Along with the standard early variations that come up repeatedly in the 1910s, there are also numerous little foxtrot variants that turn up only once and were probably not generally popular. Despite the name, the "Castle Favorite", presumably a reference to the famous ballroom dancers and teachers Vernon and Irene Castle, does not turn up in any source I have that is actually by the Castles. Instead, it appears in Edna Stuart Lee's Thirty Fox Trot Steps (New York, 1916), a wonderful little source for unusual early foxtrot variations. I don't necessarily rule out a connection with the Castles, but given how creative Lee was with variation-names, I am not taking it as a given without some actual proof.
Lee calls this a "rather difficult step, requiring considerable practice and possibly not adapted to ordinary social dancing". That seems an exaggerated level of concern to me; it's not difficult to dance or to lead, and I see no reason not to include it in social dancing other than it being too uncommon to bother learning.
I used the Castle Favorite (along with the Cavalry Charge) recently in a dance reconstruction class in Novosibirsk, Russia, as an exercise for my students in reconstructing basic ragtime dance variations. They mostly came up with pretty much the same result I did, after some clarification of "over" vs. "over to" (as in "Draw the right over to the left.") All props to them, since they were forced to work in a language they don't speak natively!
The Castle Favorite is done in a standard close ballroom hold, traveling along the line of dance, with the gentleman going forward and the lady backward. The gentleman's steps are given below; the lady dances opposite.
The Castle Favorite
12 Two walking steps: left, right [two other steps removed for musicality]
3&4& Four trots: left, right, left, right
1&2 Hop on the right foot, step left, and close the right foot without weight
3&4 Hop on the left foot, step right, and close the left foot without weight
Counted as slow and quick steps, this would be SS QQQQ QQS QQS.

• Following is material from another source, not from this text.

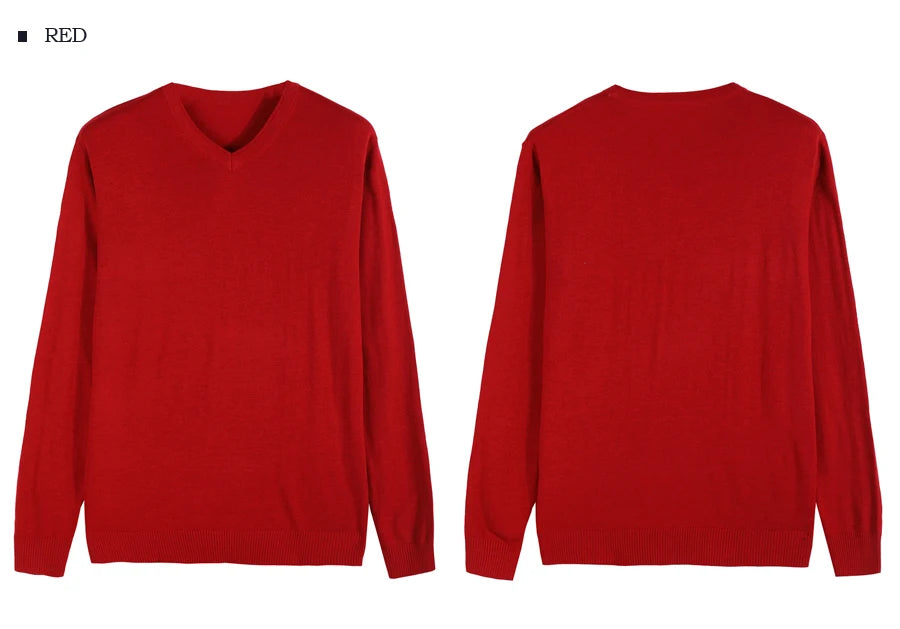 2023 Autumn New Men's V-neck Wool Sweater Business Casual Solid Color Thin Pullover Sweater Brand Clothes Blue Red Black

For social use: the hop is easily led; the lady will feel it immediately. The only remotely tricky bit is making sure that the closes of the feet in the third and fourth bars are without weight. The gentleman needs to make it clear that his weight is staying on the original foot. But it's more likely that a lady unfamiliar with the variation will not close her foot at all, or simply let it drift in, since closing without weight is not a very leadable movement.
Note that as in the Cavalry Charge, I have modified Lee's opening to eliminate an additional two slow steps at the beginning because I find Lee's tendency to do a three-bar introductory sequence (four walks and four trots) irritating and the resulting five-bar sequence musically annoying to dance. (I discussed this in more detail in my post on that variation, here.)